• **Activity**:
Without pictures, return the lines from the one containing "Photo of TBD" through the last line of the data below, exactly.

(Stored items)
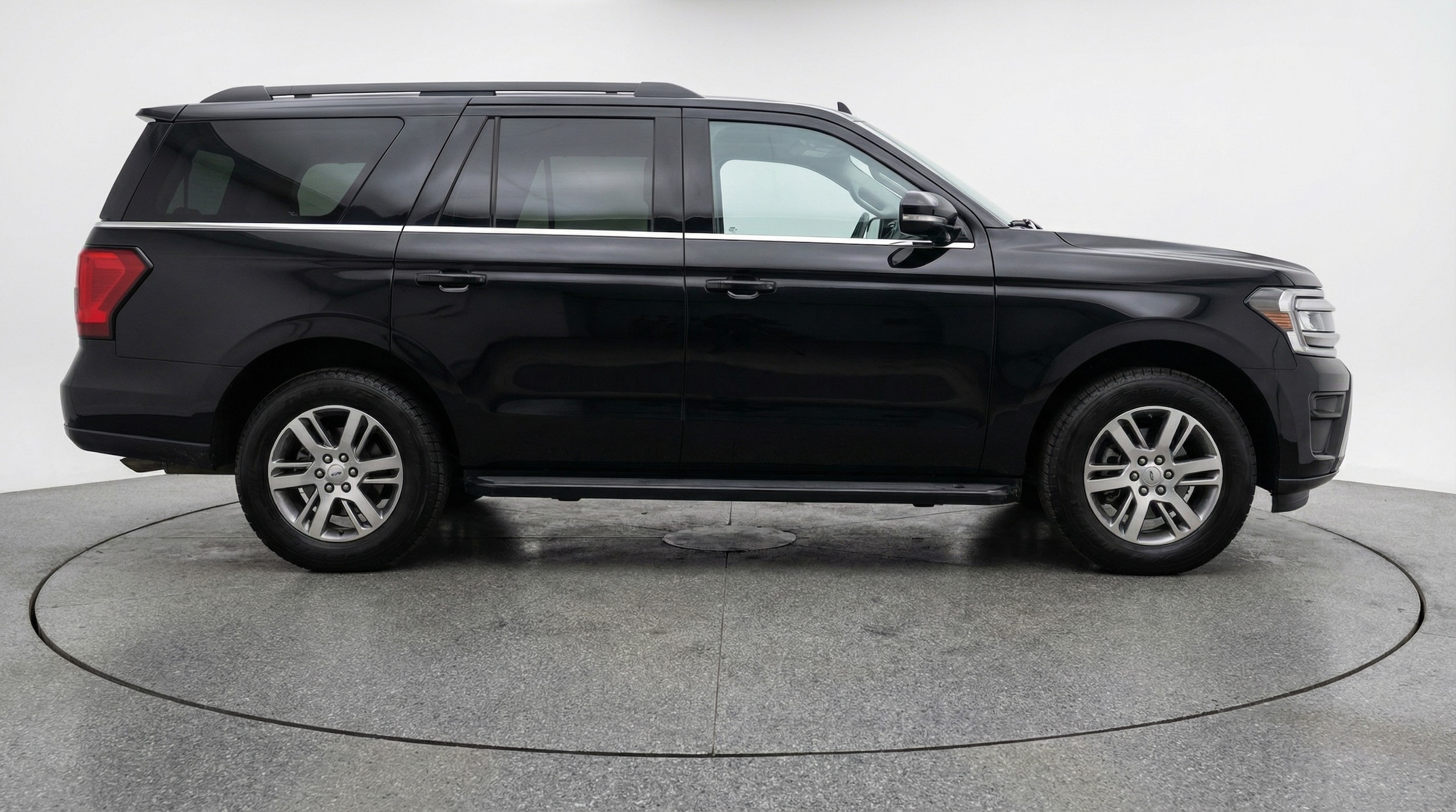 Thumbnail: 2024 Ford Expedition MAX - 8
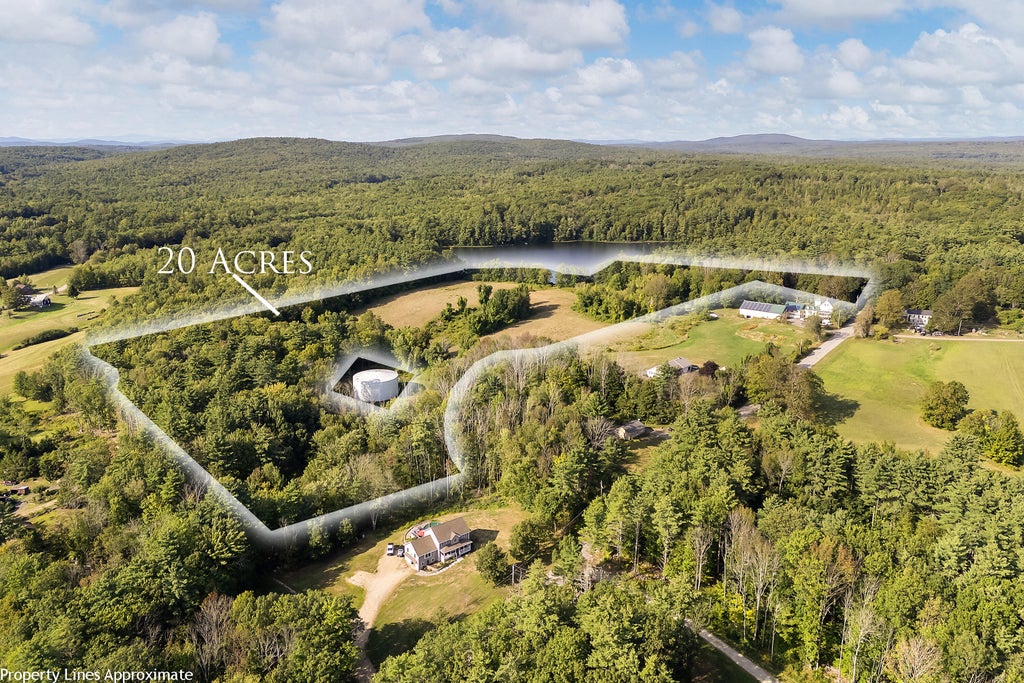 Photo of TBD Elm Street, Sanford, ME 04083 (MLS # 1681066)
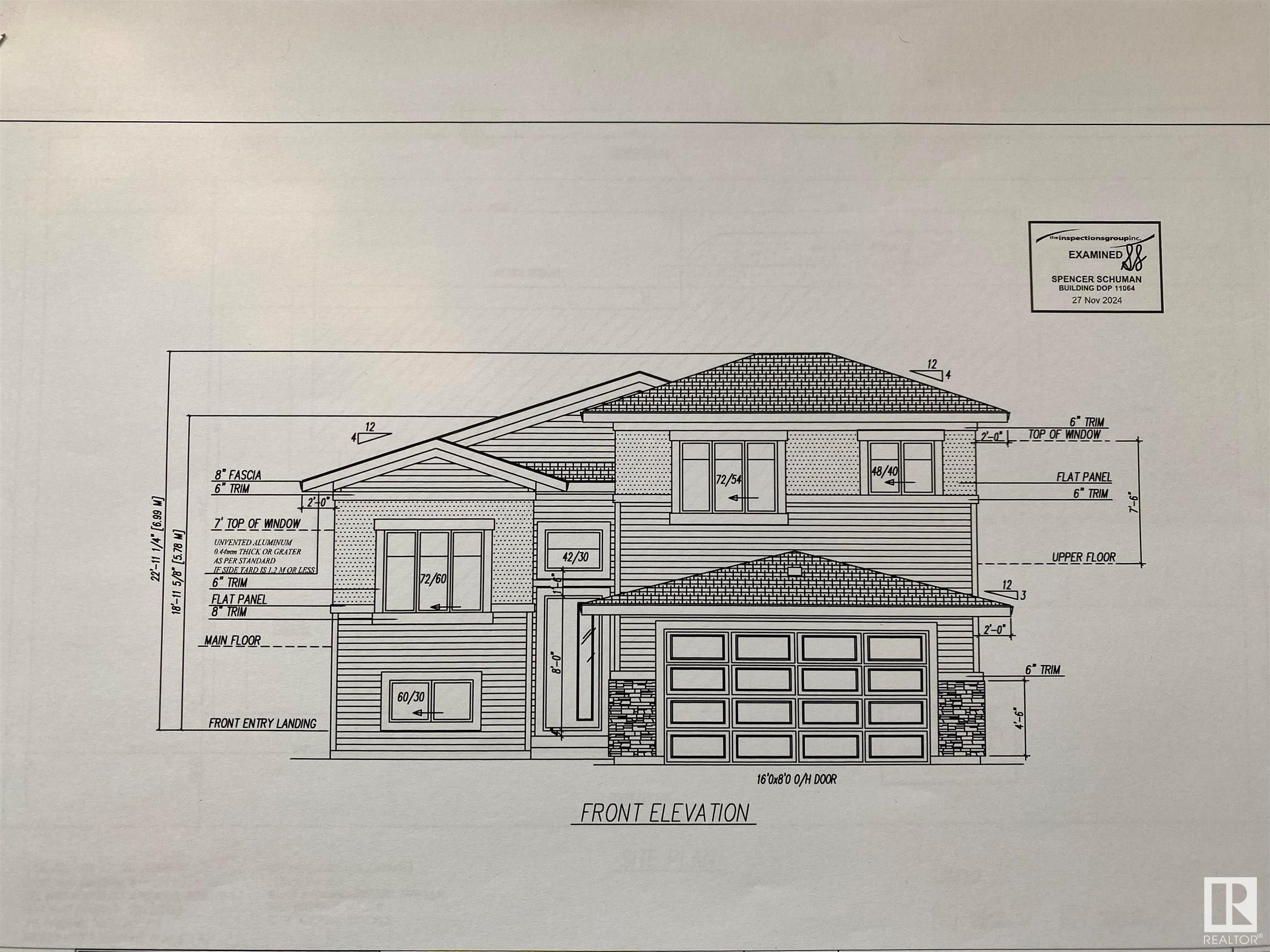 5413 60 Avenue, E4431462, Alberta,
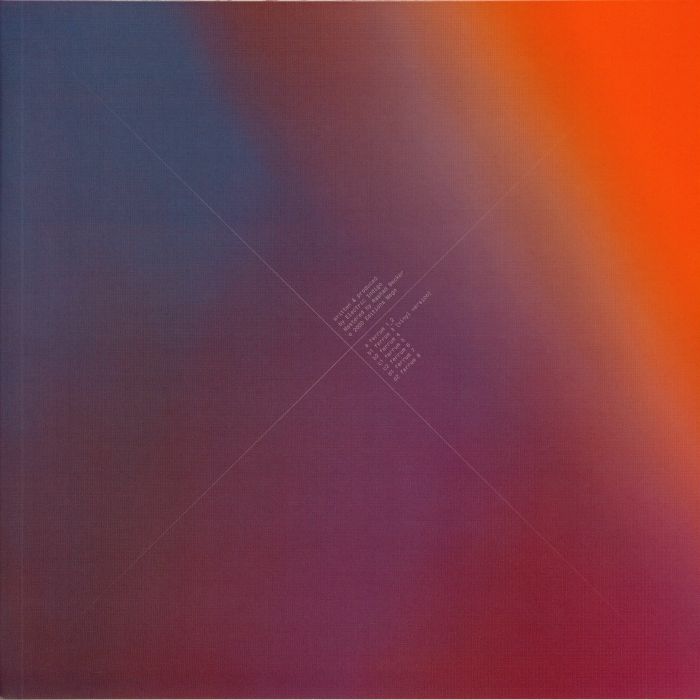 ELECTRIC INDIGO - Ferrum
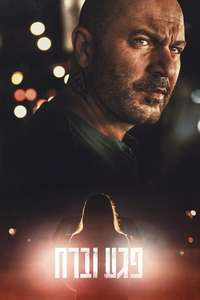 Hit and Run - Posters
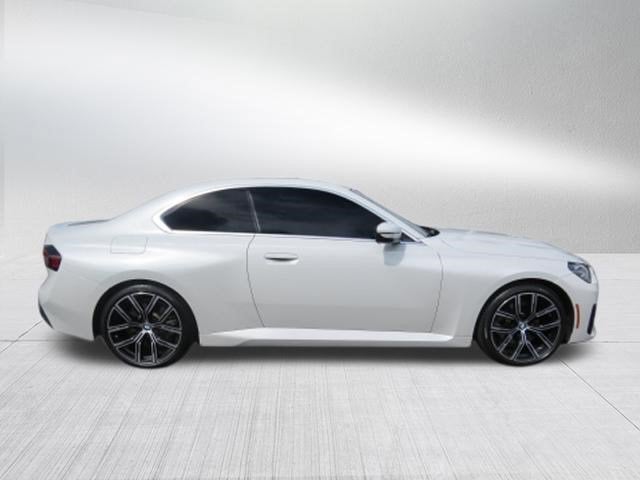 2024 BMW 2 Series 230i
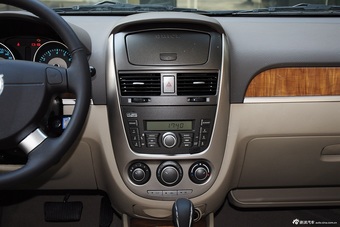 2015款凯越1.5L自动尊享型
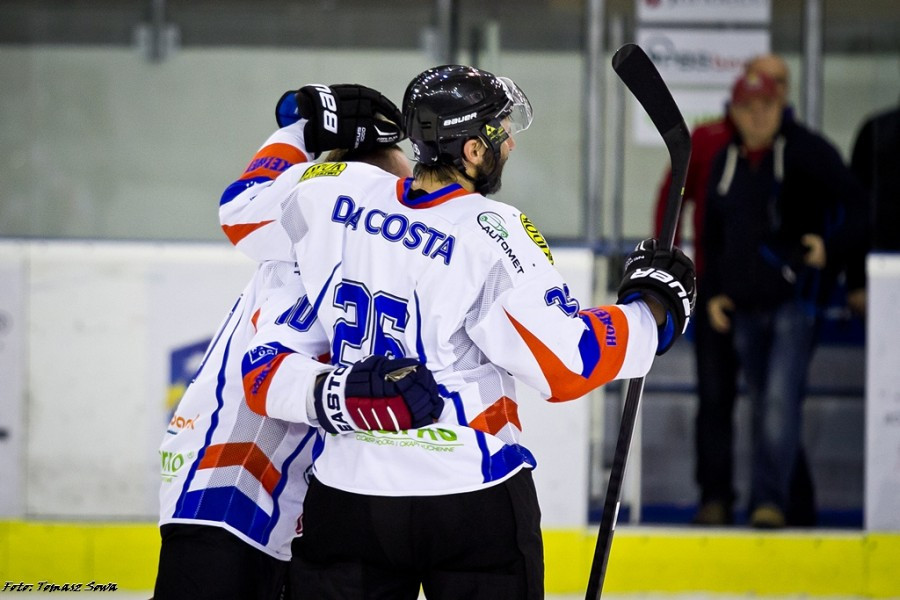 Mistrz lepszy od wicemistrza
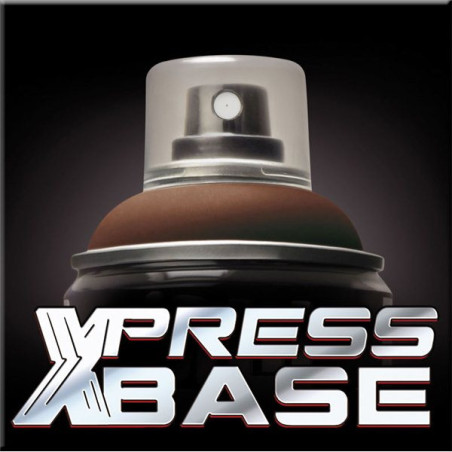 FXG043 – Brun Sauvage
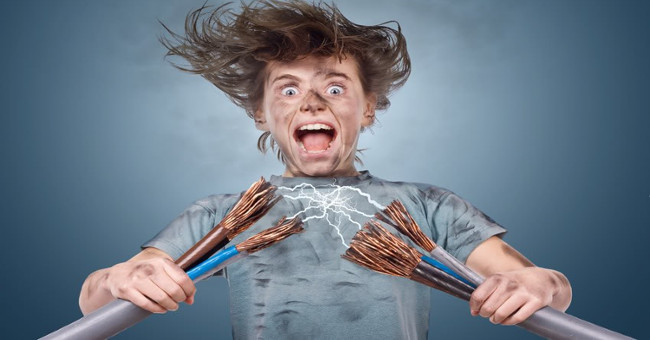 6 mistakes when using electrical appliances can make you pay for your life
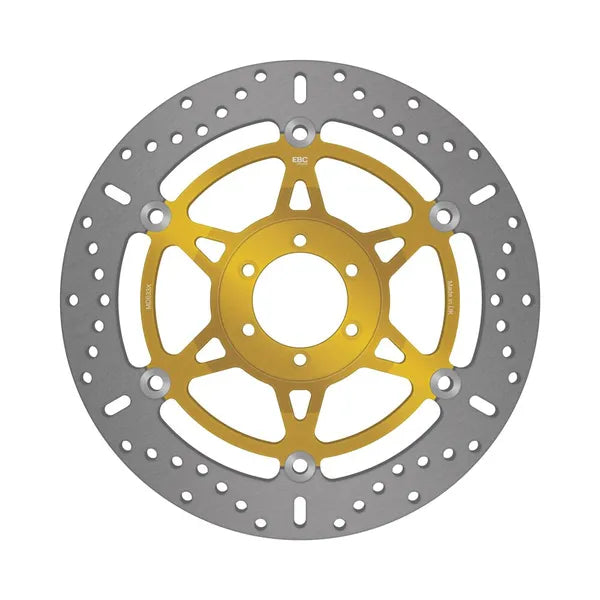 Ducati 888 [EBC] – disco de freio série X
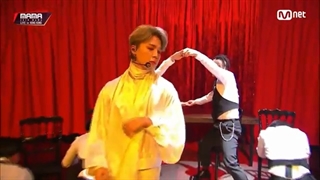 BTS_Airplane pt.2_2018 MAMA in HONG KONG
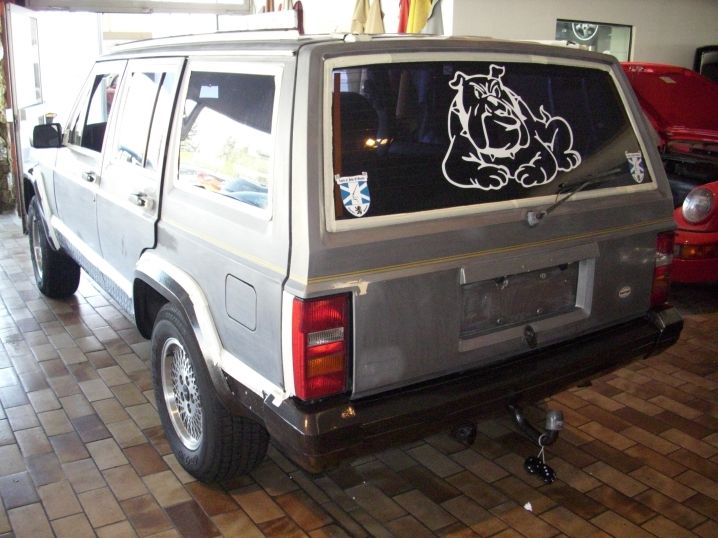 Jeep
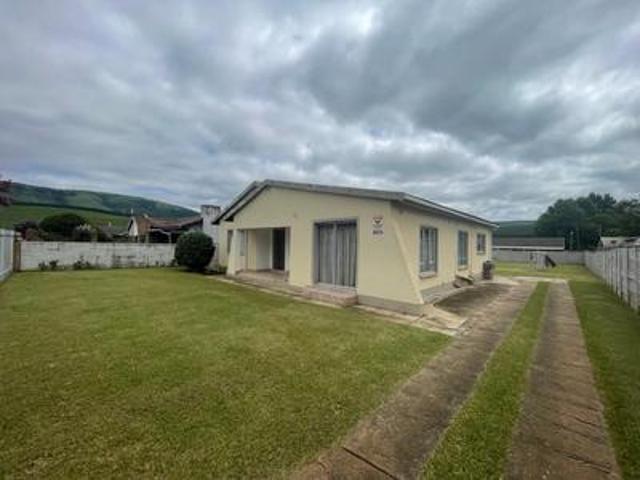 House for sale in Greytown, Kwazulu-natal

• **Worked solution**:
 Photo of TBD Elm Street, Sanford, ME 04083 (MLS # 1681066)
 5413 60 Avenue, E4431462, Alberta,
 ELECTRIC INDIGO - Ferrum
 Hit and Run - Posters
 2024 BMW 2 Series 230i
 2015款凯越1.5L自动尊享型
 Mistrz lepszy od wicemistrza
 FXG043 – Brun Sauvage
 6 mistakes when using electrical appliances can make you pay for your life
 Ducati 888 [EBC] – disco de freio série X
 BTS_Airplane pt.2_2018 MAMA in HONG KONG
 Jeep
 House for sale in Greytown, Kwazulu-natal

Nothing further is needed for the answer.